人骨実験三秒前
……とまあここで退場だとあまりにも可哀想というか、カイザーの立場がないので、もうちょっと頑張って貰うことにしましょう。
「うぅ……酷い目に遭った……」
スケルトンカイザーは四苦八苦しながら魔女の炎を消してなんとか回復しました。
カイザーの名は伊達ではありません。
「で、あんた誰よ?」
「だから我はスケルトンカイザーだと言っただろうが」
「ふーん。スカルくん達と違ってちゃんと喋れるんだね」
魔女はじーっとスケルトンカイザーを観察します。
喋れる秘密を探っているようです。
「んー。なるほど。魔力で疑似声帯を構成しているわけか。スケルトンもランクアップして魔力が上がればそういうことが出来るようになるんだね。実に興味深いな」
ふむふむと納得する魔女でした。
とても興味深そうです。
「………………」
ぞくりとしたものがスケルトンカイザーの背筋に襲いかかりました。
その悪寒は気のせいではありません。
魔女は今まさにスケルトンカイザーを生け捕りにしてその生態を研究しようかどうか悩んでいる所なのです。
人体実験もとい人骨実験、みたいな。
「ま、いいか」
しかしそれをするとスカルくん達に必要以上の恐怖心を植え付けてしまいそうなのでやめておくことにしました。

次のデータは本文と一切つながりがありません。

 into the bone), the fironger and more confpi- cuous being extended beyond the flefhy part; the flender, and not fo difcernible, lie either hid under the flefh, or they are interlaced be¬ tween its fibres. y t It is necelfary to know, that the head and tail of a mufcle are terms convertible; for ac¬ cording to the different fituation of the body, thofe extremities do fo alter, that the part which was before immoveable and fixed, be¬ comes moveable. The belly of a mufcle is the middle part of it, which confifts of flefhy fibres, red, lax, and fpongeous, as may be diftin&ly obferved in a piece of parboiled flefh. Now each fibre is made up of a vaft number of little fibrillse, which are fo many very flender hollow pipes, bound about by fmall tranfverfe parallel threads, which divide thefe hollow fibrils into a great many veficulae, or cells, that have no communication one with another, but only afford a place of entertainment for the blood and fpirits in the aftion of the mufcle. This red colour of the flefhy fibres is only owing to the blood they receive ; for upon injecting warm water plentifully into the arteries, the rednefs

必要以上に恐怖心を刺激して鬱病になってしまったら労働力がなくなってしまいます。それは困るのです。
あくまでもスカルくんの為ではなく自分の都合というのが素敵な事情ですね。
『勘違いしないでよね』的なツンデレ要素は皆無です。
魔女は思考を切り替えてスケルトンカイザーに問いかけました。
「それで? そのスケルトンカイザーが私に何の用なわけ?」
「うむ。我が同族がくされ魔女に無理矢理酷使されているという噂を訊いたのでな。これは我が救い出さねばとはるばるやってきたのだ」
「誰が腐れ魔女だ」
かちんときた魔女はいつの間にか手に持っていたルナソールでスケルトンカイザーの頭蓋骨を叩きました。
「ぎゃーっ!」
軽く叩いただけなのにスケルトンカイザーの頭蓋骨はひび割れてしまいました。
さすがはオリハルコン製です。
「………………」
しかし仲間を救いに来たという、一応は正義っぽい発言をしていたのでこれ以上痛め付けるのは勘弁してあげました。
「つまりあんたはスカルくん達を私から解放してあげたいと、そう言いたいわけだね?」
「その通りだ。我が要求を聞き届けるつもりはあるか? くさ……ではなく魔女よ」
……危ないところでした。
危うく『くされ魔女』発言を再びしてしまうところでした。
びしっと構えたルナソールが恐怖の象徴のように映ってしまいます。
要求をしに来た割には精神的に負けていますよスケルトンカイザーさん。